(Aim of the task): Word for word, copy out the entries below, but not the pictures in them.

(Data shown):
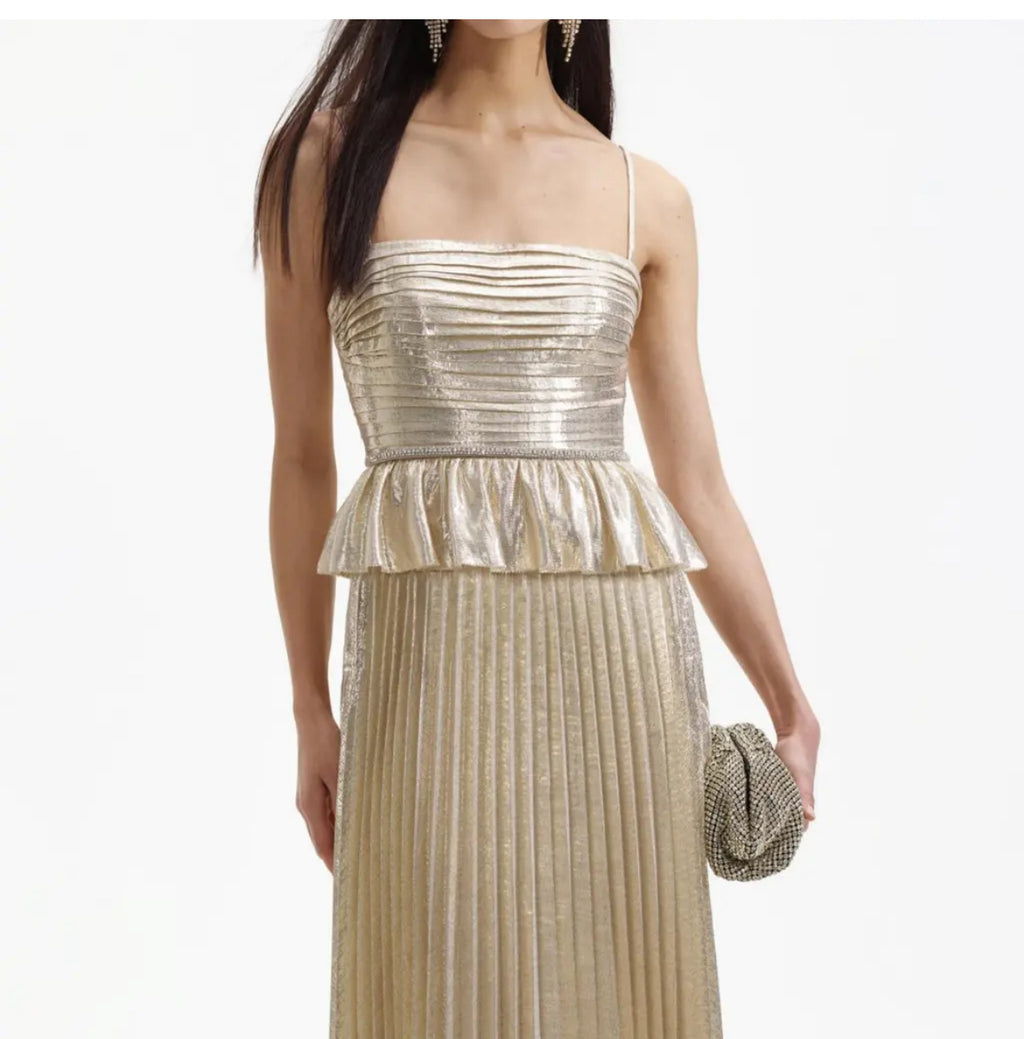 Self Portrait-Tiered Plisse- Dress-Hire- NI image 1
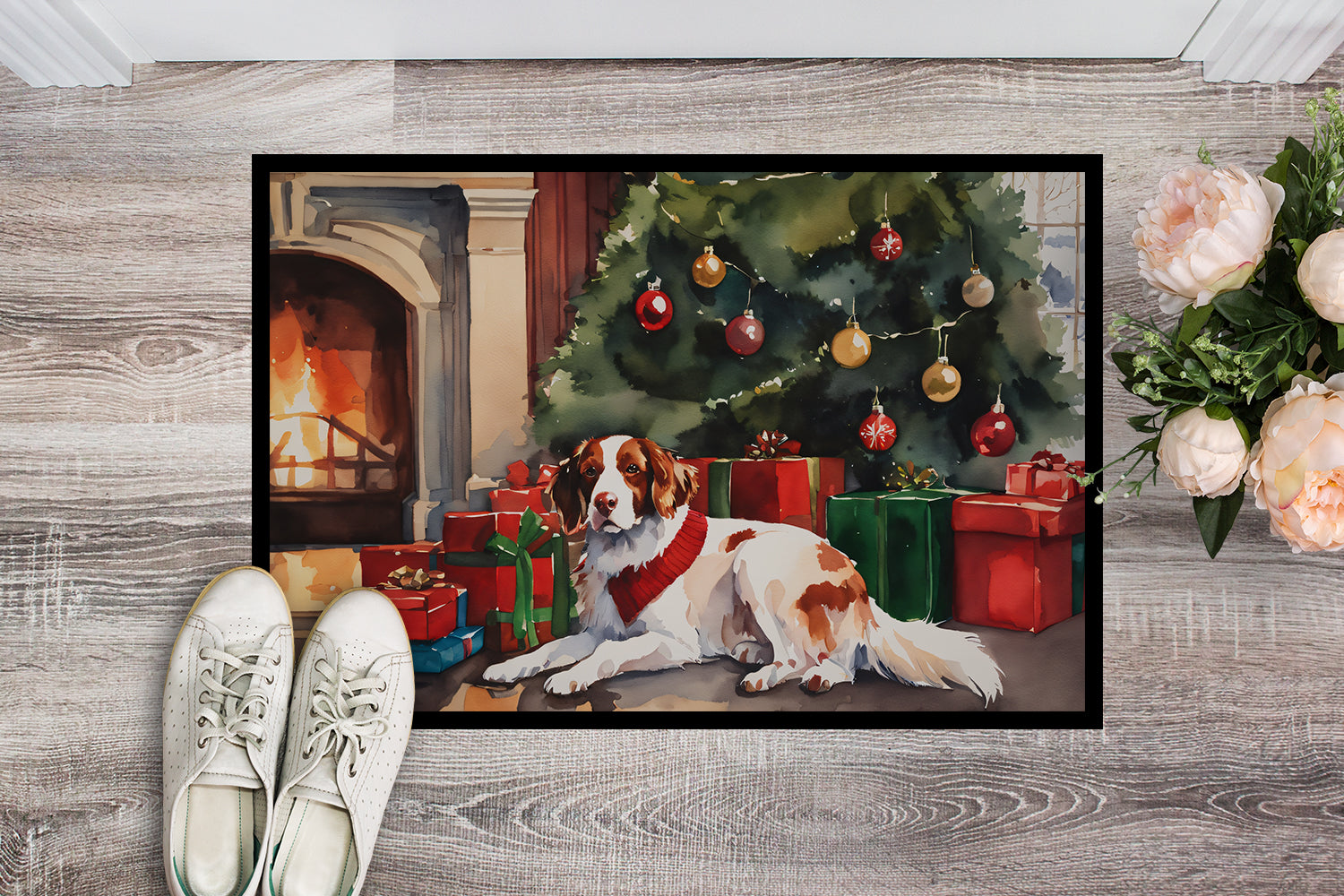 Brittany Cozy Christmas Doormat Indoor Outdoor 18H X 27W Front Door Mat Rugs for Entryway, Non Slip Washable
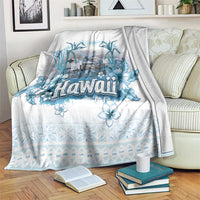 Hawaii Sugar Plantation Blanket With Hawaiian Tapa Pattern LT05 White - Polynesian Pride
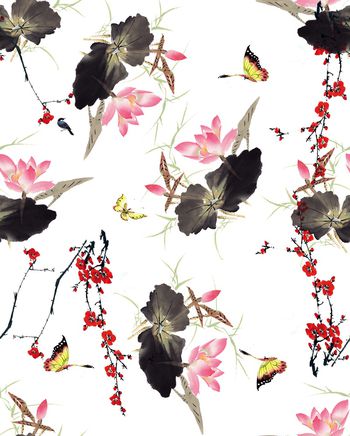 中国风国画水墨写意花卉印花华亿平台图片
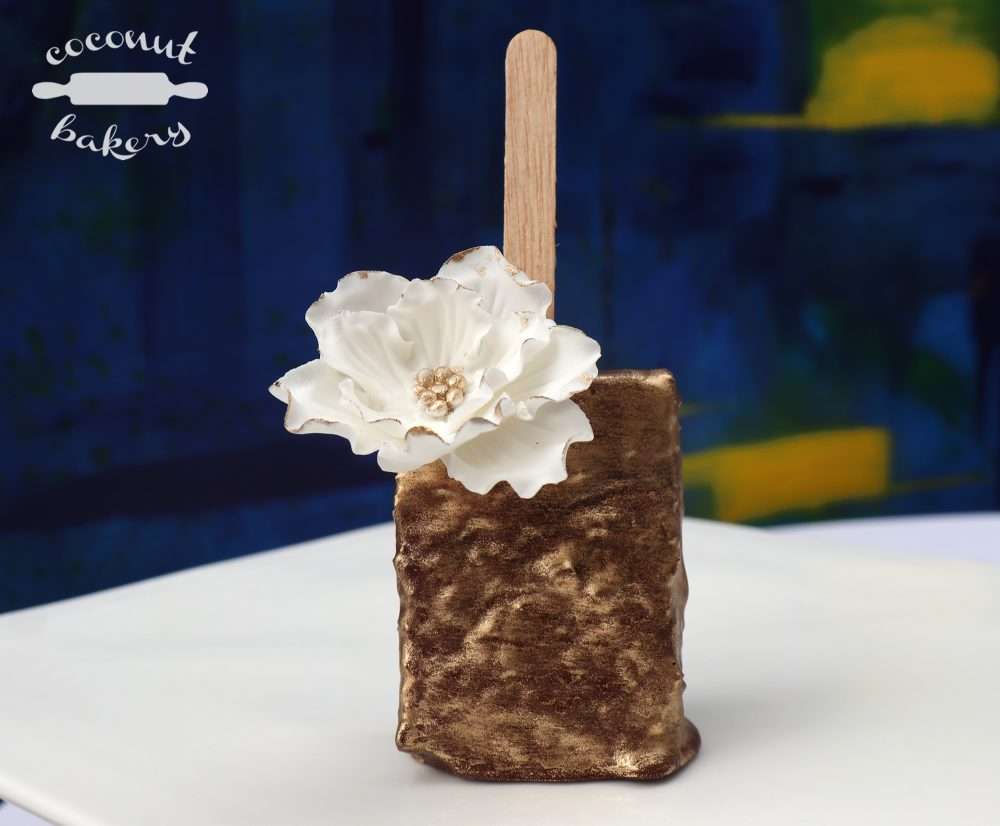 Brownie pop premium con flor de fondant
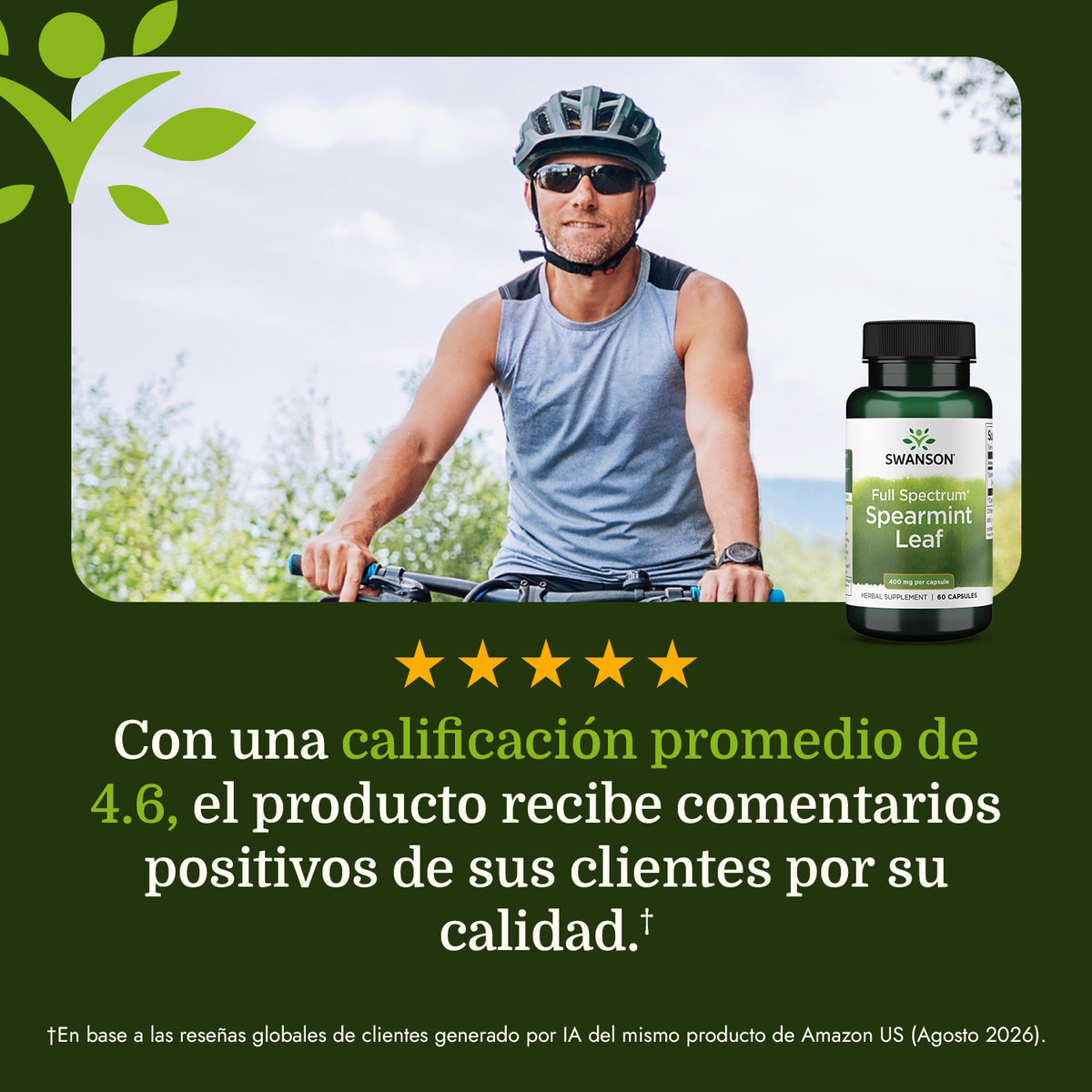 Swanson Suplemento Hoja de Menta Verde de Espectro Completo 400 mg, 60 cápsulas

(Response to the task):
 Self Portrait-Tiered Plisse- Dress-Hire- NI image 1
 Brittany Cozy Christmas Doormat Indoor Outdoor 18H X 27W Front Door Mat Rugs for Entryway, Non Slip Washable
 Hawaii Sugar Plantation Blanket With Hawaiian Tapa Pattern LT05 White - Polynesian Pride
 中国风国画水墨写意花卉印花华亿平台图片
 Brownie pop premium con flor de fondant
 Swanson Suplemento Hoja de Menta Verde de Espectro Completo 400 mg, 60 cápsulas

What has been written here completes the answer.